El profeta Isaías llega para dinamitar esa confianza y esa inercia que a menudo se volvía pasividad, y corregir sus esquemas. Proclama que Dios no es como ellos se han pensado, ni se están relacionando con el resto de los pueblos al gusto de Dios. Que Dios tiene el proyecto de reunir a gentes de todas las razas, naciones y lenguas, incluso de otras creencias y consagrar sacerdotes y profetas de entre ellos. Es decir: que ellos no tienen ni la exclusiva ni la garantía de nada, y que si alguna consecuencia debiera derivarse de sus convicciones religiosas sería el trabajar por el bien de TODOS LOS PUEBLOS, dejar de hacer exclusiones según sus criterios «religiosos» y «nacionalistas» y tener cuidado, no sea que «se queden fuera» del proyecto y las promesas de Dios.
Esa crédula «confianza» está detrás de la pregunta que le plantean a Jesús: «¿Serán pocos los que se salven?». Es una pregunta que hoy apenas se hace nadie. Tan preocupados y ocupados andamos por vivir el presente, por nuestro bienestar, por los asuntos que nos traen los periódicos y revistas… que eso de la «salvación» suena a palabra de otros tiempos.
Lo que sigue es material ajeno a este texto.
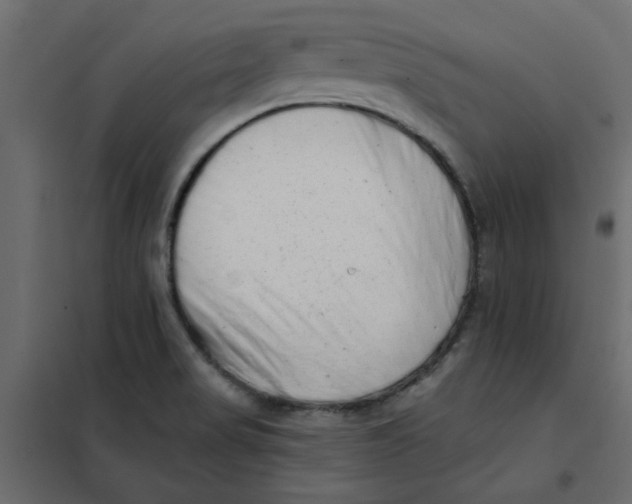 X0000102001517200808081648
Por otro lado, muchos están convencidos de la respuesta: ¿Cuántos se salvarán? ¡Pues todos! Todas las religiones son igual de buenas para llegar a Dios. Incluso basta con ser buena persona, aunque uno no practique o crea en nada, para salvarse. El infierno, en el caso de que exista, debe estar vacío. Y tienen tanta «confianza» con Dios, con su bondad y su misericordia, que van dejando que la rutina, la dejadez y la mediocridad vayan envolviendo su fe y su estilo de vida, de manera que apenas se distinguen de los no creyentes o de los pertenecientes a otras religiones.
Aunque tal vez, con otro lenguaje, la preocupación por la salvación forma parte de la esencia del hombre. Hoy -al menos algunos que encuentran tiempo para pensar- se preguntan: ¿Cómo hacer que mi vida merezca la pena? ¿Qué necesito para ser plenamente feliz? ¿Dónde está la puerta de la felicidad y cómo se entra por ella?
Con respecto al número de los que se salvan Jesús no responde directamente. Pero sí habla del «cómo» de un modo que no nos resulta muy agradable: Habla de «esfuerzo» y de «estrecheces«. Tampoco nos resulta agradable -2ª lectura- que Dios nos corrija. No nos gustan esas palabras del Evangelio: «No os conozco, no sé quienes sois, alejaos de mí», a pesar de que hayamos comido en su mesa, hayamos oído mil predicaciones, nos conozcamos las doctrinas y orientaciones de la santa madre Iglesia, e incluso tengamos algún compromiso con alguien, o en alguna institución humanitaria…
Jesús nos dice que el camino de la salvación, o de la felicidad, o de la vida que merezca la pena tiene que ver con el esfuerzo, el sacrificio y las dificultades. No nos aclara si serán pocos, aunque en otro lugar afirma que «son muchos los invitados, pero pocos los elegidos» (Mt 22, 14). Pero sí que nos invita a mirarnos a nosotros mismos y a preguntarnos: ¿Cómo está de fresca, de viva, de activa nuestra fe, nuestra experiencia de Dios? Es verdad que el camino de la oración, del estudio de las Escrituras, el camino de la justicia, del perdón, de la acogida al que no es de los nuestros… tiene muchas dificultades. Pero justamente esa es la puerta estrecha por la que tengo que atravesar. O dicho con otras palabras de Jesús:«Yo soy la puerta: quien entre por mí se salvará y podrá entrar y salir, y encontrará pastos» (Jn 10, 10).